Good news for the nearly 80,000 people who rely on Herrington Lake and the Kentucky River for drinking water: Kentucky Utilities Company (KU) is converting to dry storage for coal combustion residuals, eliminating ash ponds and other storage impoundments at their four coal-fired power plants, including the E.W. Brown Generating Station in Burgin.
Last year, KU settled with the state over a notice of violation regarding government mandated discharge limits of arsenic and selenium. As part of the settlement, KU agreed to conduct further assessments on Herrington Lake and eliminate discharges from the Auxiliary Ash Pond as required by the EPA’s Coal Combustion Residual Rule.
KU’s decision to move toward dry storage predates that dispute, however. According to a press release, the company first made plans to convert to dry storage nearly a decade ago, before the EPA Rule became final.

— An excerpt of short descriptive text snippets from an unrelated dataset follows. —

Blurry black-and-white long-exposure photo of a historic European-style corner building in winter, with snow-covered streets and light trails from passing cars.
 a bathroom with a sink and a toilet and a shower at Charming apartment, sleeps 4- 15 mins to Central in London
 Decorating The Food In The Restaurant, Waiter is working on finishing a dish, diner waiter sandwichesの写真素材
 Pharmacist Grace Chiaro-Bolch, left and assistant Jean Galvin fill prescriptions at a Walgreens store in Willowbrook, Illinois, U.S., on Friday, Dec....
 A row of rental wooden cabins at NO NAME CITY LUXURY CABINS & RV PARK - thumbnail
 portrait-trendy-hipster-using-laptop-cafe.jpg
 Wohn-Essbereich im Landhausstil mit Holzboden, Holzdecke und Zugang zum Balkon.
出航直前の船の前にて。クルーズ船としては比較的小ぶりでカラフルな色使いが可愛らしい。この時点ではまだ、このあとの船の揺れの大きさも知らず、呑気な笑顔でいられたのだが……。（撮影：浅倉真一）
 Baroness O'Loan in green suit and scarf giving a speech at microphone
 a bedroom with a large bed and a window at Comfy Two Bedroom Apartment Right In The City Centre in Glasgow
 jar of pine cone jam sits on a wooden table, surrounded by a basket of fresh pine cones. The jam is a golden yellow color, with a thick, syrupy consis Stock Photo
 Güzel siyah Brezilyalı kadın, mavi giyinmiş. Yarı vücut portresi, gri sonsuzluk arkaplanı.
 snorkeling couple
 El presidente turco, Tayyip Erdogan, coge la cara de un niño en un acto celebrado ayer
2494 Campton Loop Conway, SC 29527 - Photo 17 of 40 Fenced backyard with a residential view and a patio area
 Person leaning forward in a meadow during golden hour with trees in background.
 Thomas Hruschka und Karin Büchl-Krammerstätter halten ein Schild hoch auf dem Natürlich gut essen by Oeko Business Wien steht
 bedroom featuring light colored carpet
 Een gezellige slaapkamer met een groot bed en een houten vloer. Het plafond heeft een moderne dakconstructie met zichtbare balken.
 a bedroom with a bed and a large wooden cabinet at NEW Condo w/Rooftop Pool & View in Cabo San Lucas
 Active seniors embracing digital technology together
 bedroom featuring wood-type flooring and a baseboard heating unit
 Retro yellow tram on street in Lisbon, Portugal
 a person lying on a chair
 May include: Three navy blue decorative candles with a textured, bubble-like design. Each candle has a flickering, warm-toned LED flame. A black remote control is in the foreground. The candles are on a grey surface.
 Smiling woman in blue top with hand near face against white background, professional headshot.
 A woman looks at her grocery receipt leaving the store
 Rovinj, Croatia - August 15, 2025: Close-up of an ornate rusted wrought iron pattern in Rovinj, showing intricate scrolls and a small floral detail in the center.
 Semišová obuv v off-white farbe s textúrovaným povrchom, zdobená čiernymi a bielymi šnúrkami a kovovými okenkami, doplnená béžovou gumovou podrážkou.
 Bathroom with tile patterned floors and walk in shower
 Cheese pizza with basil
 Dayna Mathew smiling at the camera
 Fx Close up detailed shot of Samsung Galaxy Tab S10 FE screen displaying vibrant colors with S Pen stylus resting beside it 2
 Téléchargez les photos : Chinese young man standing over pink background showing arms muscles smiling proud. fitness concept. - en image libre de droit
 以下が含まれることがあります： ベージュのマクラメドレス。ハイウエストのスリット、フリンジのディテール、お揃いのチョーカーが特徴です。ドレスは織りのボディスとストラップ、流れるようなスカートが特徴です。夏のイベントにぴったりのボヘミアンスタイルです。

“We embraced the idea of dry storage for our coal byproducts in 2008,” said Lonnie Bellar, senior vice president of Operations. “We saw this, along with our beneficial reuse programs, as a more environmentally friendly approach to handle the materials that result from burning coal to create energy.”
The utility company also announced they were in the process of closing their coal combustion residual ponds throughout the state. Once processed, the dry materials will be stored on site at the power plants or beneficially reused for materials such as concrete, wallboard or fertilizer, KU said.
The corporation plans to reduce the size of the landfill at E.W. Brown by a third, eliminating an entire section that’s no longer needed. The utility plans to retire the plant’s coal-fired units 1 and 2 in February 2019, making it no longer necessary to construct all three landfill phases.
Over the last year, KU has installed additional groundwater monitoring wells. They found indications that levels of certain metals do not meet the tightened federal standards.
New water treatment systems will be constructed at E.W. Brown and the other KU plants to treat waters that come in contact with waste materials prior to the ash ponds being closed. The new systems are expected to be complete next year.